In the 1970s, the steel industry stopped investing in the South Works in SE Chicago. By 1992, the last South Works facility closed, though plants had been closing since the 1970s. The place shifted from industrial anchor to cultural venue.
Boys Town emerged after WWII. It was energized in the 1970s and had the first Gay Pride Parade in 1970. In the 21st century, it's been gentrified and "de-queered"/mainstreamed. Straight affluents have moved in.
Neoliberalism affects historical preservation. It sees it in only monetary terms. It focuses on profit, not social/cultural importance on its own. But people have fought against it.
People like owning homes. There's a crisis of affordability as local/global elites price out local poor. People try to stay solvent by taking advantage of the expansion of credit -but then comes 2008. The foreclosure crisis of 2005-12 devastated some areas. Places like Engelwood, Austin, and Oakland all had about 40 mortgages per 100 residential parcels in 2005, but just 3-6 in 2012. Minorities were really hurt. Neoliberal home ownership policies had failed as it led to a vicious cycle of bad credit, foreclosures, and lower prices.

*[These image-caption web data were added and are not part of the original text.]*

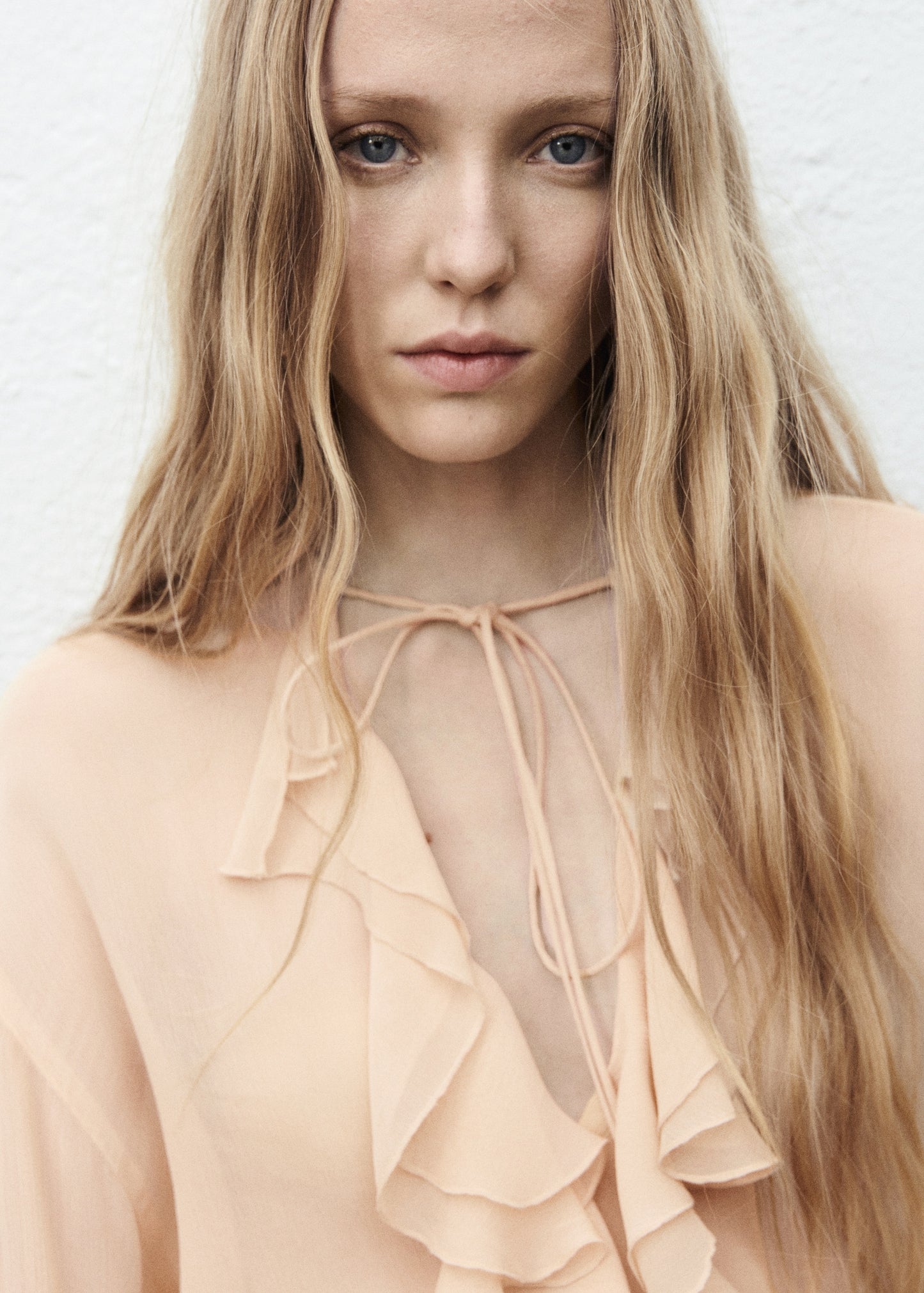 Ruffled blouse with flared sleeves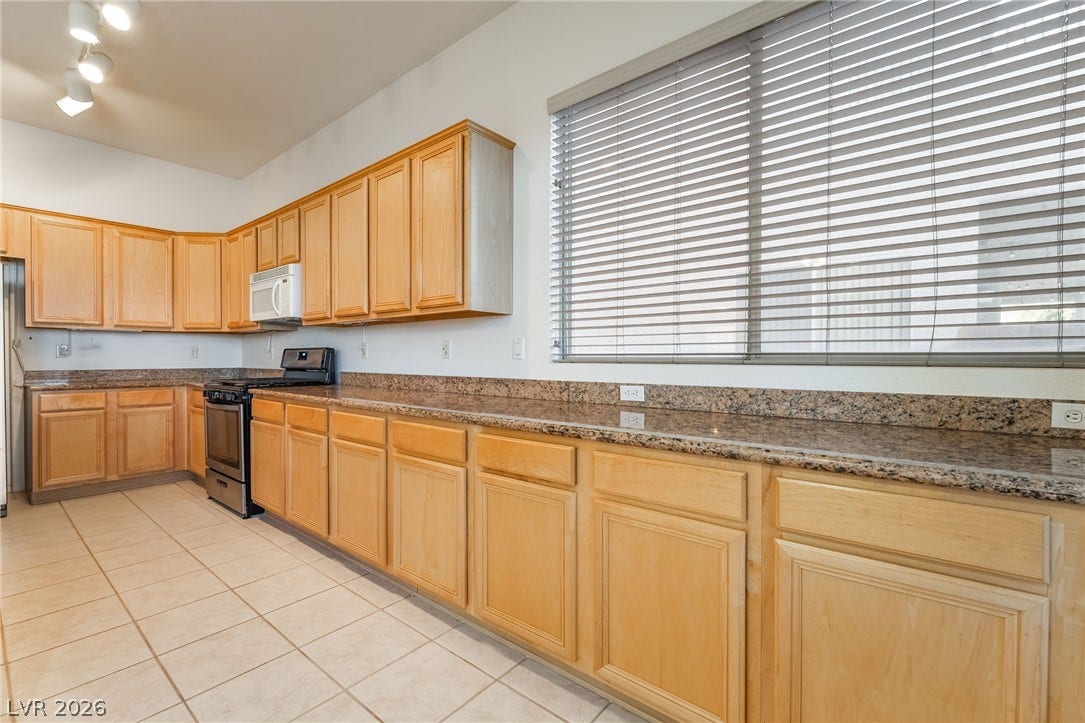 2722 Bass Lake Street, Henderson, NV 89052 Ample counter space and classic wood cabinetry define this functional kitchen layout.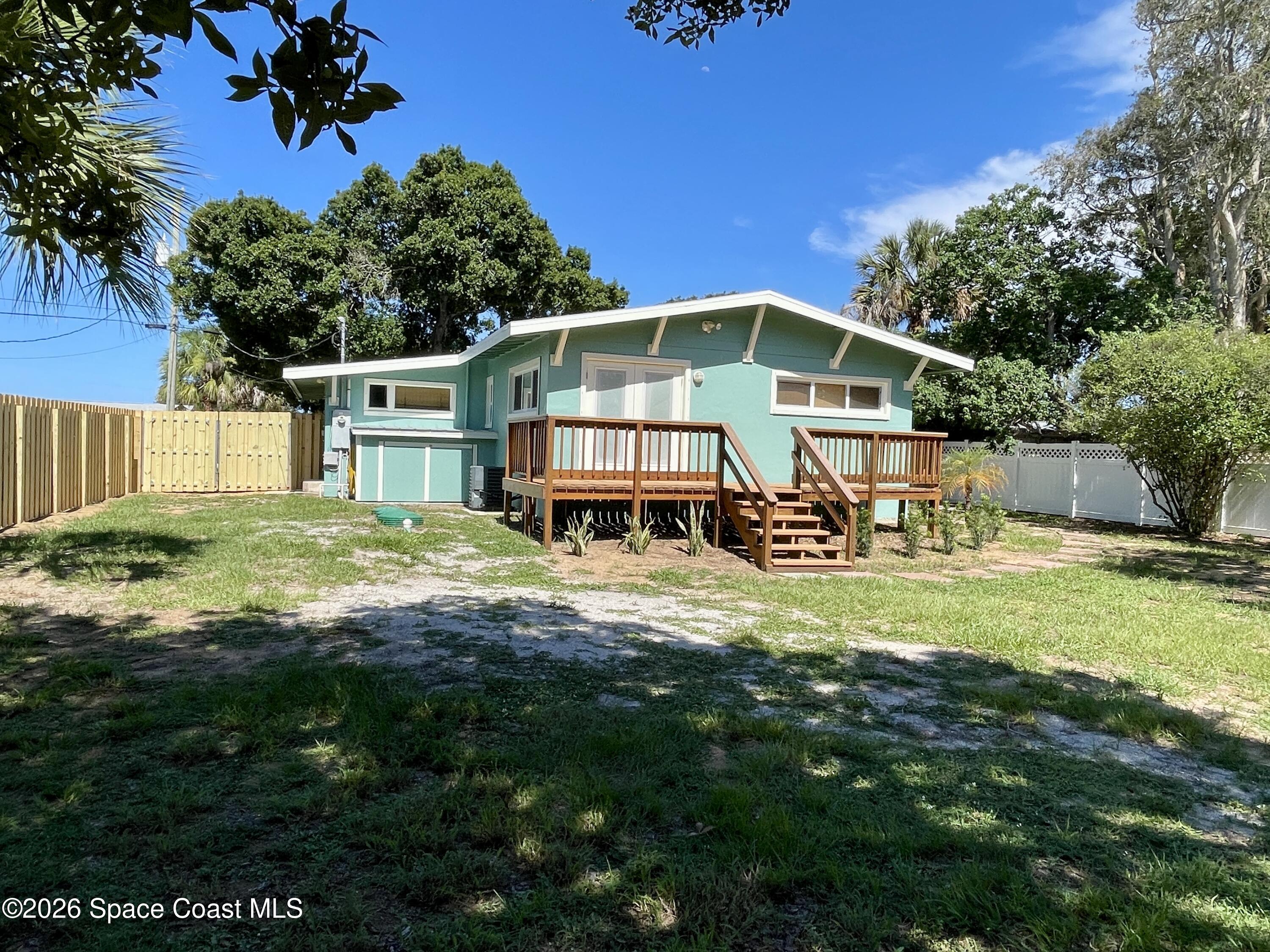 7260 Blue Shore Road Grant, FL 32949 - Photo 19 of 23 Back porch & yard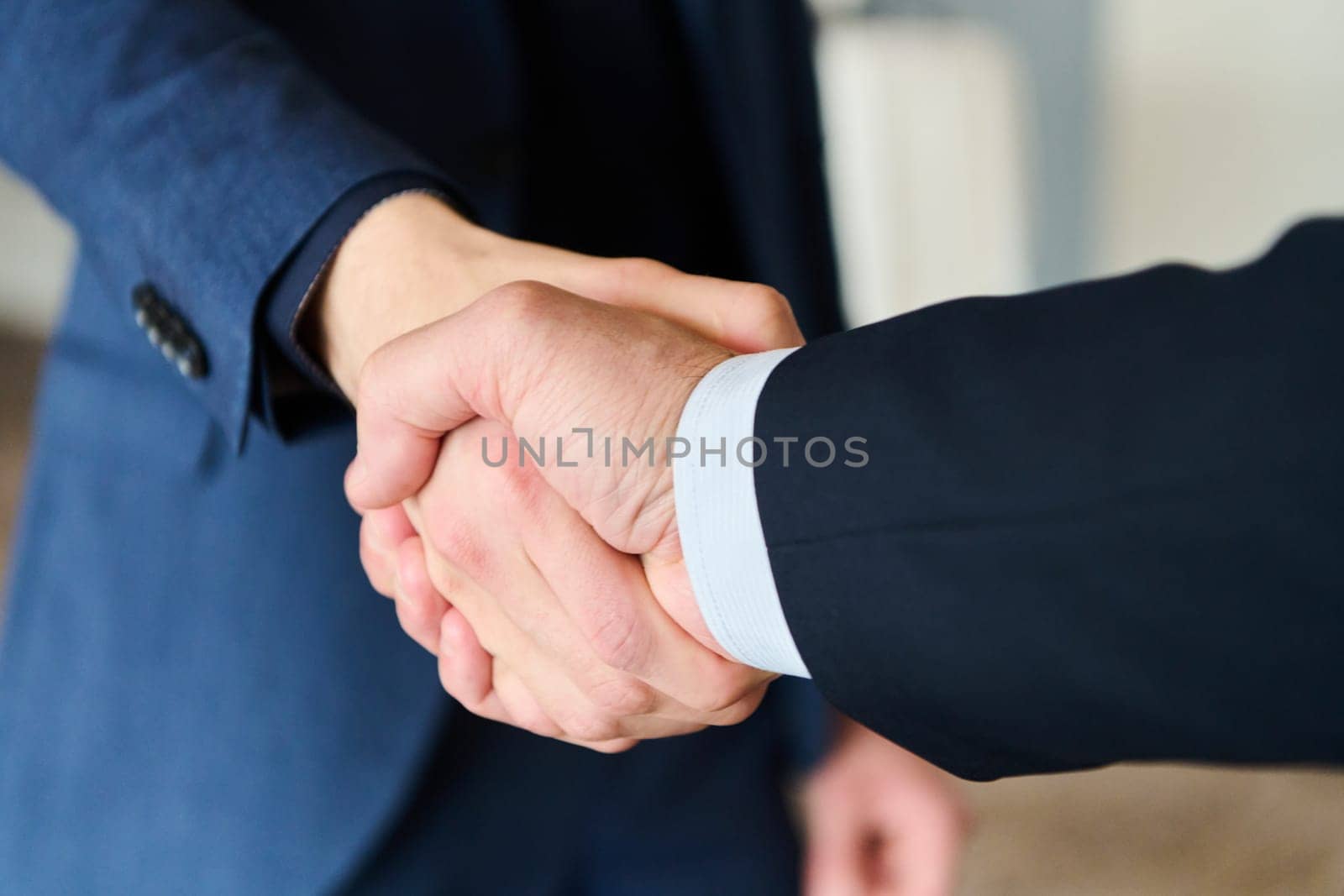 Businessmen making handshake with partner, greeting, dealing, merger and acquisition, business joint venture concept, for business, finance and investment background, teamwork and successful business by dotshock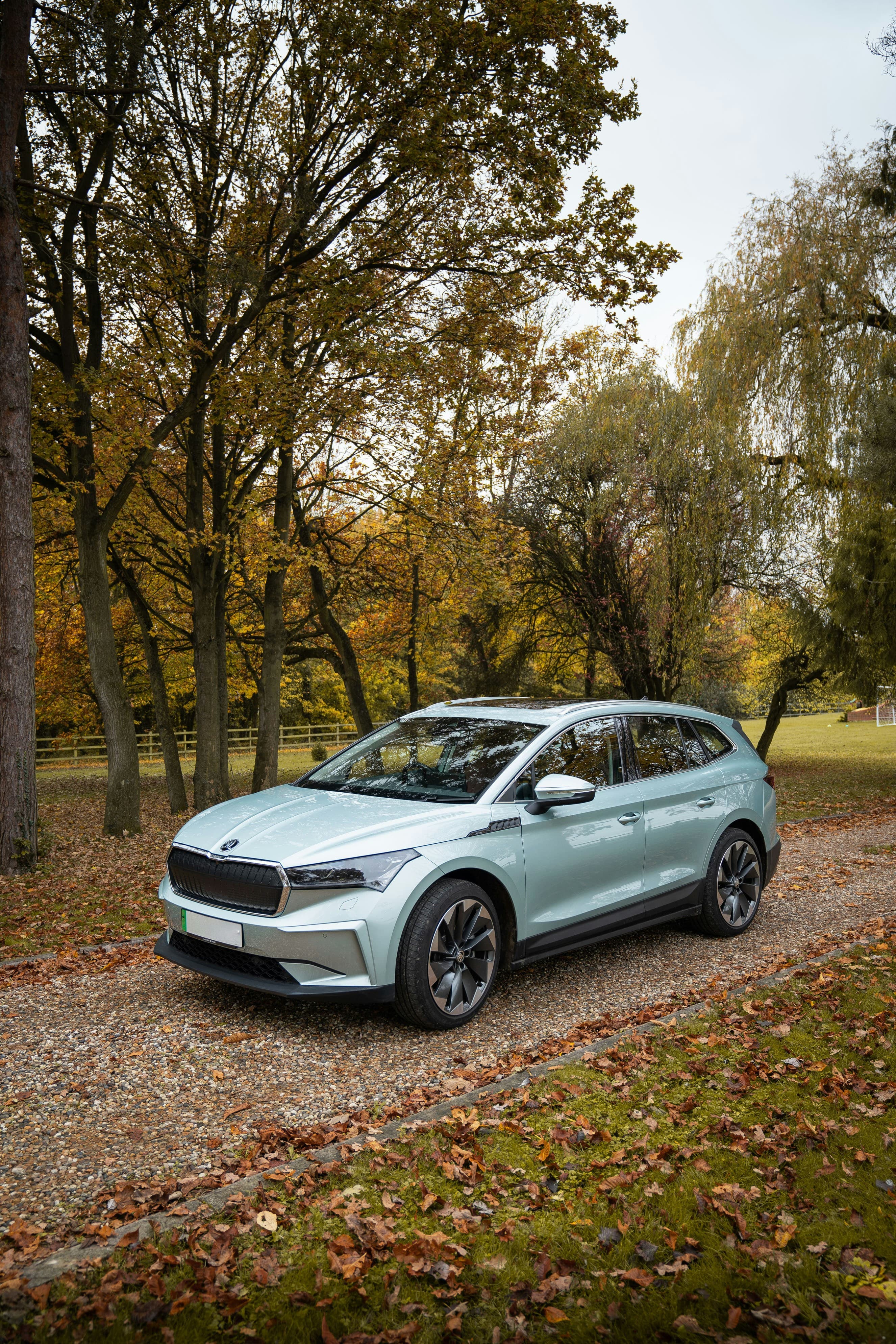 SUV électrique bleu clair stationné sur un chemin de gravier en extérieur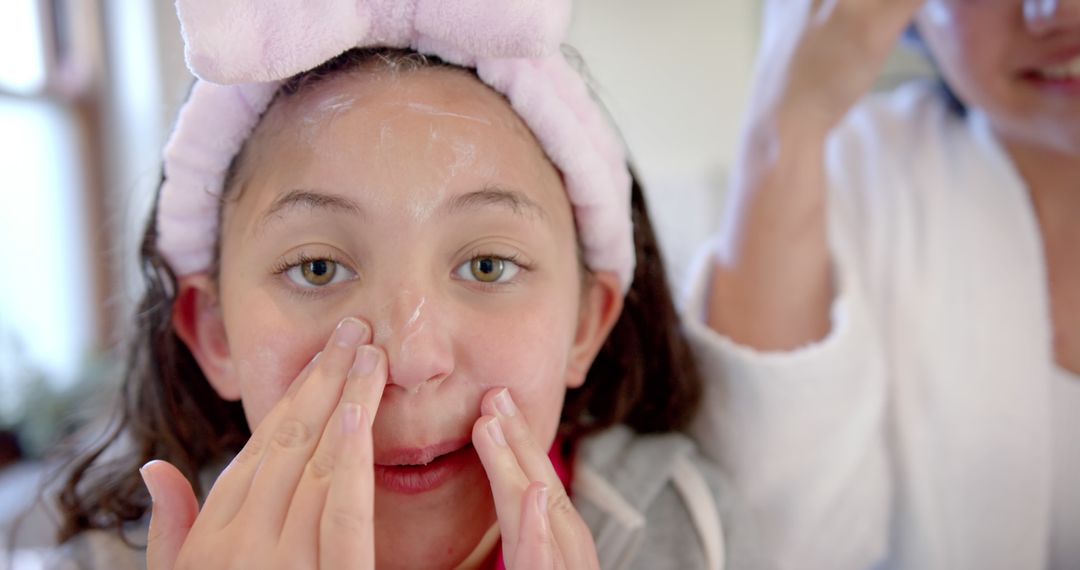 Young Girl Applying Facial Cream During Skincare Routine - Free Images, Stock Photos and Pictures on Pikwizard.com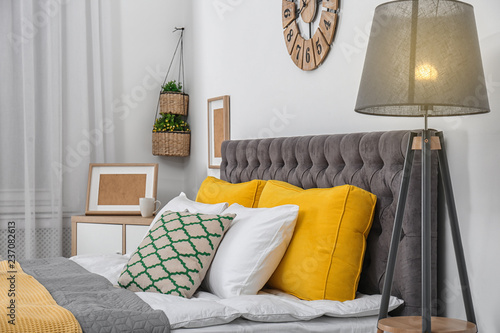 Big bed with soft pillows in stylish room interior photo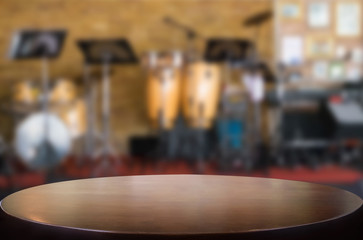 Selected focus empty brown wooden table and Coffee shop blur bac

The failure of Chicago's Olympic bid showed a differing view of how neoliberalism should work. It's failure led to zero self-reflection on the part of city leaders. Their bid was low budge, limited infrastructure and it's privitized nature lost to better state-funded ventures. There were no plans to use the Olympcis to do large-scale infrastructure projects that could create lasting value (public transit, public facilities). But leaders claimed it would lead to lasting change anyway. The push began in 2006, and in 2007 it won USOC support as a finalist. Two groups opposed: neighborhood groups and anti-corruption groups. These groups distrusted the city's elite. Many were annoyed not just by the big, but by how they were treated. The tone o foutreach to them was "one way" in the tenor of public meetings. (Accept this because we say so). Being the first city eliminated in the final round horrified the elite, but they haven't taken any lessons. It was RMD's last gasp.
In 2003, the city began using really high visibility cameras to deter street crime. These cameras, called PODs, cost $10,000 each. It's the cutting edge of urban surveillance and helps the city cut the the number of cops by 13% as the cameras have expanded. Cameras are subjected to automated data analysis to determine crime as that leads to less man hours watching it. Facial recognizition software is used by 2013. Red light cameras came in 2003 as revenue generators. Polling shows that most support the cameras.
Chicago is a big neoliberal city, but it's not invulnerable. It's not as central to neoliberalism as NYC, London, or Tokyo. Electronic trading has hurt the old exchange floors. Orlando and Vegas take conventions. Full employment in well-paying jobs is fading. Neoliberalism leads to polarization, fragmentation, and disparity. Neighbhorhood activism is down from its 1970s/80s peak.